13. The unmanned aerial vehicle according to claim 12, wherein the preconfigured file comprises information about a characteristic parameter of the UAV and an instruction indicating the operation of the UAV;

wherein the processor is configured to:

extract the information about the characteristic parameter of the UAV and the instruction indicating the operation of the UAV from the preconfigured file;

convert the extracted information about the characteristic parameter of the UAV and the extracted instruction indicating the operation of the UAV into the controlling command.

14. The unmanned aerial vehicle according to claim 11, wherein the processor is configured to receive the controlling command from a controlling device, wherein the controlling command is obtained, by the controlling device, by parsing the preconfigured file in response to an acquired starting command.

15. A controlling device, comprising:

a shell;

a transceiver coupled to the shell and configured to acquire a starting command from a user and

a processor configured to parse a preconfigured file into a controlling command in response to the starting command, wherein the preconfigured file is generated based on a natural language indicating an operation of the UAV;

wherein the transceiver is further configured to transmit the controlling command to the UAV, so that the UAV performs the operation according to the controlling command.

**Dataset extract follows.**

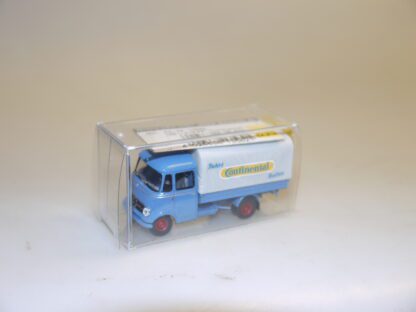 1:87 Brekina 13562 MB L 319 Pritsche/Plane Continental, neuw./Brekina-Vp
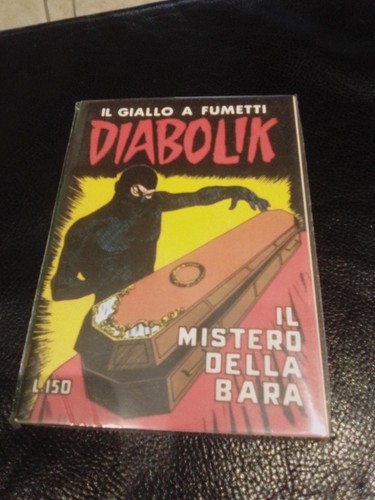 Diabolik anastatika 47 - ,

16. The controlling device according to claim 15, wherein the preconfigured file comprises information about a characteristic parameter of the UAV and an instruction indicating the operation of the UAV;

wherein the processor is configured to:

17. The controlling device according to claim 15, further comprising: a device configured to perform the controlling command in a simulation mode.

18. The controlling device according to claim 15, further comprising: a record device configured to record physical operations performed by a user, wherein the processor is configured to convert the physical operations into the natural language.

19. The controlling device according to claim 15, further comprising: a record device configured to record the operation performed by the UAV according to the controlling command.

20. The controlling device according to claim 15, further comprising: a memory configured to store the controlling command.